Activity -> Take the lines from the one containing "Dodge 912006 A12608H25M METRIC TPR BUSH RED" through the end of the material and write them out exactly, omitting pictures.

▬▬▬

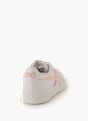 ASICS Sneaker Weiss 95070 5
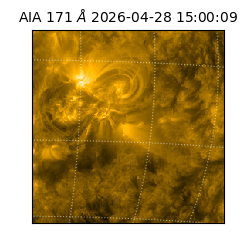 saia - 2026-04-28T15:00:09.349000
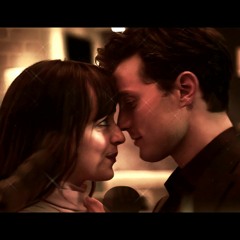 hold me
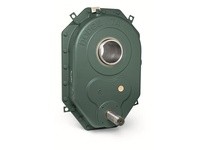 Dodge 912006 A12608H25M METRIC TPR BUSH RED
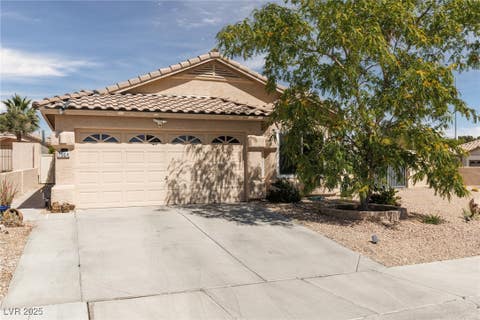 Featured picture for the property 2684200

▬▬▬

Answer section ->
 Dodge 912006 A12608H25M METRIC TPR BUSH RED
 Featured picture for the property 2684200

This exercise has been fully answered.